● **Requirement**
Write out the full listing again. Make no alterations.

● **Records to process**
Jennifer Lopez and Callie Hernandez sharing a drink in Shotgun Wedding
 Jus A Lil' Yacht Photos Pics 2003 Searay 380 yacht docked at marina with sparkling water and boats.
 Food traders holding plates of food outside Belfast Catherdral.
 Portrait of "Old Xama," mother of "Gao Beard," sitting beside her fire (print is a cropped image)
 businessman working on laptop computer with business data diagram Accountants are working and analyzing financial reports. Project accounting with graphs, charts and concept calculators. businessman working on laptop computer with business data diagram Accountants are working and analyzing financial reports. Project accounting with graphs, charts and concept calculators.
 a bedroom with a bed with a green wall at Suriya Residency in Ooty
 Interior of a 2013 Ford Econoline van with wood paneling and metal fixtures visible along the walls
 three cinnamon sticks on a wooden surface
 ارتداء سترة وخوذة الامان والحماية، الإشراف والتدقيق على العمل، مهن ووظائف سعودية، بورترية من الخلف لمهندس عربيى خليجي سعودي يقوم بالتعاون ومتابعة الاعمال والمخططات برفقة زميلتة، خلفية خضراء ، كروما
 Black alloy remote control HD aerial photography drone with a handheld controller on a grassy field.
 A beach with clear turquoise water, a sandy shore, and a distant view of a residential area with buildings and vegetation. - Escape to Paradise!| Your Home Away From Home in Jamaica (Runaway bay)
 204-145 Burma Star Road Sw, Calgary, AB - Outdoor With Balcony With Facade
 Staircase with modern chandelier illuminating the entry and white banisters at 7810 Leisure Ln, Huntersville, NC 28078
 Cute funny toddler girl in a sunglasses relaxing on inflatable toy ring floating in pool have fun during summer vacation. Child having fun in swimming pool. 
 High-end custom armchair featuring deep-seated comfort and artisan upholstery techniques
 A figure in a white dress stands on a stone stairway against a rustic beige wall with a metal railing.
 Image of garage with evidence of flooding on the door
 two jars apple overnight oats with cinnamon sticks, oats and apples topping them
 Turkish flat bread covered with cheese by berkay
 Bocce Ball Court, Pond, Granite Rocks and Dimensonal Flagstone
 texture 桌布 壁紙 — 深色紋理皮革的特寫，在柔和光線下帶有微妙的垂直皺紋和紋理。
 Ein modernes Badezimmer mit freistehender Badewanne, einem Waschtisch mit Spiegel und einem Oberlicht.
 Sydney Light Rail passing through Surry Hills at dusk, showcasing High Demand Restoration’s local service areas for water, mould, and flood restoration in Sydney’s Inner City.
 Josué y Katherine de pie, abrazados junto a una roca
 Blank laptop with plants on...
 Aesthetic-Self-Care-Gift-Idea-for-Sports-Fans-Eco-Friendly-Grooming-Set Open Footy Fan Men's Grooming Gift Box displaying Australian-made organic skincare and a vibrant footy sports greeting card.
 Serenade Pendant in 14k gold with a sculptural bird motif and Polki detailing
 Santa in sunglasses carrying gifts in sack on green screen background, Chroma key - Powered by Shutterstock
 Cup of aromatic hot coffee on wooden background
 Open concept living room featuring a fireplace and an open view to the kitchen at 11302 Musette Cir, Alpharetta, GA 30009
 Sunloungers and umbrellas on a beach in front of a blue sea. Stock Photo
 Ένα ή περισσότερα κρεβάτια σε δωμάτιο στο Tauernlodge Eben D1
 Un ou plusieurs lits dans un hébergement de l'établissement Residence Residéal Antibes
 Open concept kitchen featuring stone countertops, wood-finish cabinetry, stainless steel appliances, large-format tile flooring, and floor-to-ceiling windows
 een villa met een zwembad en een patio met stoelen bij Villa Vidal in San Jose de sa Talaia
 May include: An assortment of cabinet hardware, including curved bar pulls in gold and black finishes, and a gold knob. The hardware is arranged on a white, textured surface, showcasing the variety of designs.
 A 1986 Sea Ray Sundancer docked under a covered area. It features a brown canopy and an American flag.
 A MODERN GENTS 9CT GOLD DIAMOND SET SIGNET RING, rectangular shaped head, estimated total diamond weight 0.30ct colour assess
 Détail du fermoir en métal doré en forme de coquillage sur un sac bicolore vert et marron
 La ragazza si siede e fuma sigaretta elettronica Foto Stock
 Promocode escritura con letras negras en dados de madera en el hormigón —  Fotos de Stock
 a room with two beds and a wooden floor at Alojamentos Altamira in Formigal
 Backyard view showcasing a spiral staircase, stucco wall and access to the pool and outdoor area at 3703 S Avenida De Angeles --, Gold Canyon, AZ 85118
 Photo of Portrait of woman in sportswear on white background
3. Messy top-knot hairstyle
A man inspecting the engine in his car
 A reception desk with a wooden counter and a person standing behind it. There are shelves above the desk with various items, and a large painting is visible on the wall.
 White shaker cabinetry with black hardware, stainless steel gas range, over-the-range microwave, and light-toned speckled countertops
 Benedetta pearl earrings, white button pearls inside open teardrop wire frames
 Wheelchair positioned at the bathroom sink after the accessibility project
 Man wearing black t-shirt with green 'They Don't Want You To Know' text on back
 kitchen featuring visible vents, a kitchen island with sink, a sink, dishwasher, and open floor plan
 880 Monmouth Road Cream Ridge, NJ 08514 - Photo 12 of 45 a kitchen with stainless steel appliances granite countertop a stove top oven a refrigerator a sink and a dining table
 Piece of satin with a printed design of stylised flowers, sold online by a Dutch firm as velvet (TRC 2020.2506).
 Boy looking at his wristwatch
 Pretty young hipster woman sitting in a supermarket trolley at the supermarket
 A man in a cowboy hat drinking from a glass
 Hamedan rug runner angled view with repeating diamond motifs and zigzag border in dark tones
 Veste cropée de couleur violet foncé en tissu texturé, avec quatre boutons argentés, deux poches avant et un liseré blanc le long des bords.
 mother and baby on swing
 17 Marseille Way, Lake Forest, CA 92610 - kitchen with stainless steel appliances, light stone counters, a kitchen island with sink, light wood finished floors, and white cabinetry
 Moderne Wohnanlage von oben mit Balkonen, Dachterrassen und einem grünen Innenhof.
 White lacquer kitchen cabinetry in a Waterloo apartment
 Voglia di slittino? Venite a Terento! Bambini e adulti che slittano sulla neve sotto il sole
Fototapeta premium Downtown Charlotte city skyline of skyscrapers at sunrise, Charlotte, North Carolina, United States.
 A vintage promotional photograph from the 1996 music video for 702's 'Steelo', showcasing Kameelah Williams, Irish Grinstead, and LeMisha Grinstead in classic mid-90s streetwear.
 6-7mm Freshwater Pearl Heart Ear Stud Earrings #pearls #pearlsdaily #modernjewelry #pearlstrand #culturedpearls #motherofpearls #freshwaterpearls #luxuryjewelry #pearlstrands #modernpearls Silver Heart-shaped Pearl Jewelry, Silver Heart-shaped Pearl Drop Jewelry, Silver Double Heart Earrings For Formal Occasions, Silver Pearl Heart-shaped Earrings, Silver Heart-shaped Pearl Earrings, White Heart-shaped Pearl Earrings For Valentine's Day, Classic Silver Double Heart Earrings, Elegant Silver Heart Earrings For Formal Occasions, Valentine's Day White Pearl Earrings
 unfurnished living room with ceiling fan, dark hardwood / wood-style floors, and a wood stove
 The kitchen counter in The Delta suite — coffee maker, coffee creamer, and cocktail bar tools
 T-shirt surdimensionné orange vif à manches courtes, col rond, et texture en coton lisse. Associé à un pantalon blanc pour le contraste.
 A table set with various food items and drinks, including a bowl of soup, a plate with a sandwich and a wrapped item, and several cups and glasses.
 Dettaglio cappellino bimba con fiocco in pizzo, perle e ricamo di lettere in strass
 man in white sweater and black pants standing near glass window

● **Reply**
Jennifer Lopez and Callie Hernandez sharing a drink in Shotgun Wedding
 Jus A Lil' Yacht Photos Pics 2003 Searay 380 yacht docked at marina with sparkling water and boats.
 Food traders holding plates of food outside Belfast Catherdral.
 Portrait of "Old Xama," mother of "Gao Beard," sitting beside her fire (print is a cropped image)
 businessman working on laptop computer with business data diagram Accountants are working and analyzing financial reports. Project accounting with graphs, charts and concept calculators. businessman working on laptop computer with business data diagram Accountants are working and analyzing financial reports. Project accounting with graphs, charts and concept calculators.
 a bedroom with a bed with a green wall at Suriya Residency in Ooty
 Interior of a 2013 Ford Econoline van with wood paneling and metal fixtures visible along the walls
 three cinnamon sticks on a wooden surface
 ارتداء سترة وخوذة الامان والحماية، الإشراف والتدقيق على العمل، مهن ووظائف سعودية، بورترية من الخلف لمهندس عربيى خليجي سعودي يقوم بالتعاون ومتابعة الاعمال والمخططات برفقة زميلتة، خلفية خضراء ، كروما
 Black alloy remote control HD aerial photography drone with a handheld controller on a grassy field.
 A beach with clear turquoise water, a sandy shore, and a distant view of a residential area with buildings and vegetation. - Escape to Paradise!| Your Home Away From Home in Jamaica (Runaway bay)
 204-145 Burma Star Road Sw, Calgary, AB - Outdoor With Balcony With Facade
 Staircase with modern chandelier illuminating the entry and white banisters at 7810 Leisure Ln, Huntersville, NC 28078
 Cute funny toddler girl in a sunglasses relaxing on inflatable toy ring floating in pool have fun during summer vacation. Child having fun in swimming pool. 
 High-end custom armchair featuring deep-seated comfort and artisan upholstery techniques
 A figure in a white dress stands on a stone stairway against a rustic beige wall with a metal railing.
 Image of garage with evidence of flooding on the door
 two jars apple overnight oats with cinnamon sticks, oats and apples topping them
 Turkish flat bread covered with cheese by berkay
 Bocce Ball Court, Pond, Granite Rocks and Dimensonal Flagstone
 texture 桌布 壁紙 — 深色紋理皮革的特寫，在柔和光線下帶有微妙的垂直皺紋和紋理。
 Ein modernes Badezimmer mit freistehender Badewanne, einem Waschtisch mit Spiegel und einem Oberlicht.
 Sydney Light Rail passing through Surry Hills at dusk, showcasing High Demand Restoration’s local service areas for water, mould, and flood restoration in Sydney’s Inner City.
 Josué y Katherine de pie, abrazados junto a una roca
 Blank laptop with plants on...
 Aesthetic-Self-Care-Gift-Idea-for-Sports-Fans-Eco-Friendly-Grooming-Set Open Footy Fan Men's Grooming Gift Box displaying Australian-made organic skincare and a vibrant footy sports greeting card.
 Serenade Pendant in 14k gold with a sculptural bird motif and Polki detailing
 Santa in sunglasses carrying gifts in sack on green screen background, Chroma key - Powered by Shutterstock
 Cup of aromatic hot coffee on wooden background
 Open concept living room featuring a fireplace and an open view to the kitchen at 11302 Musette Cir, Alpharetta, GA 30009
 Sunloungers and umbrellas on a beach in front of a blue sea. Stock Photo
 Ένα ή περισσότερα κρεβάτια σε δωμάτιο στο Tauernlodge Eben D1
 Un ou plusieurs lits dans un hébergement de l'établissement Residence Residéal Antibes
 Open concept kitchen featuring stone countertops, wood-finish cabinetry, stainless steel appliances, large-format tile flooring, and floor-to-ceiling windows
 een villa met een zwembad en een patio met stoelen bij Villa Vidal in San Jose de sa Talaia
 May include: An assortment of cabinet hardware, including curved bar pulls in gold and black finishes, and a gold knob. The hardware is arranged on a white, textured surface, showcasing the variety of designs.
 A 1986 Sea Ray Sundancer docked under a covered area. It features a brown canopy and an American flag.
 A MODERN GENTS 9CT GOLD DIAMOND SET SIGNET RING, rectangular shaped head, estimated total diamond weight 0.30ct colour assess
 Détail du fermoir en métal doré en forme de coquillage sur un sac bicolore vert et marron
 La ragazza si siede e fuma sigaretta elettronica Foto Stock
 Promocode escritura con letras negras en dados de madera en el hormigón —  Fotos de Stock
 a room with two beds and a wooden floor at Alojamentos Altamira in Formigal
 Backyard view showcasing a spiral staircase, stucco wall and access to the pool and outdoor area at 3703 S Avenida De Angeles --, Gold Canyon, AZ 85118
 Photo of Portrait of woman in sportswear on white background
3. Messy top-knot hairstyle
A man inspecting the engine in his car
 A reception desk with a wooden counter and a person standing behind it. There are shelves above the desk with various items, and a large painting is visible on the wall.
 White shaker cabinetry with black hardware, stainless steel gas range, over-the-range microwave, and light-toned speckled countertops
 Benedetta pearl earrings, white button pearls inside open teardrop wire frames
 Wheelchair positioned at the bathroom sink after the accessibility project
 Man wearing black t-shirt with green 'They Don't Want You To Know' text on back
 kitchen featuring visible vents, a kitchen island with sink, a sink, dishwasher, and open floor plan
 880 Monmouth Road Cream Ridge, NJ 08514 - Photo 12 of 45 a kitchen with stainless steel appliances granite countertop a stove top oven a refrigerator a sink and a dining table
 Piece of satin with a printed design of stylised flowers, sold online by a Dutch firm as velvet (TRC 2020.2506).
 Boy looking at his wristwatch
 Pretty young hipster woman sitting in a supermarket trolley at the supermarket
 A man in a cowboy hat drinking from a glass
 Hamedan rug runner angled view with repeating diamond motifs and zigzag border in dark tones
 Veste cropée de couleur violet foncé en tissu texturé, avec quatre boutons argentés, deux poches avant et un liseré blanc le long des bords.
 mother and baby on swing
 17 Marseille Way, Lake Forest, CA 92610 - kitchen with stainless steel appliances, light stone counters, a kitchen island with sink, light wood finished floors, and white cabinetry
 Moderne Wohnanlage von oben mit Balkonen, Dachterrassen und einem grünen Innenhof.
 White lacquer kitchen cabinetry in a Waterloo apartment
 Voglia di slittino? Venite a Terento! Bambini e adulti che slittano sulla neve sotto il sole
Fototapeta premium Downtown Charlotte city skyline of skyscrapers at sunrise, Charlotte, North Carolina, United States.
 A vintage promotional photograph from the 1996 music video for 702's 'Steelo', showcasing Kameelah Williams, Irish Grinstead, and LeMisha Grinstead in classic mid-90s streetwear.
 6-7mm Freshwater Pearl Heart Ear Stud Earrings #pearls #pearlsdaily #modernjewelry #pearlstrand #culturedpearls #motherofpearls #freshwaterpearls #luxuryjewelry #pearlstrands #modernpearls Silver Heart-shaped Pearl Jewelry, Silver Heart-shaped Pearl Drop Jewelry, Silver Double Heart Earrings For Formal Occasions, Silver Pearl Heart-shaped Earrings, Silver Heart-shaped Pearl Earrings, White Heart-shaped Pearl Earrings For Valentine's Day, Classic Silver Double Heart Earrings, Elegant Silver Heart Earrings For Formal Occasions, Valentine's Day White Pearl Earrings
 unfurnished living room with ceiling fan, dark hardwood / wood-style floors, and a wood stove
 The kitchen counter in The Delta suite — coffee maker, coffee creamer, and cocktail bar tools
 T-shirt surdimensionné orange vif à manches courtes, col rond, et texture en coton lisse. Associé à un pantalon blanc pour le contraste.
 A table set with various food items and drinks, including a bowl of soup, a plate with a sandwich and a wrapped item, and several cups and glasses.
 Dettaglio cappellino bimba con fiocco in pizzo, perle e ricamo di lettere in strass
 man in white sweater and black pants standing near glass window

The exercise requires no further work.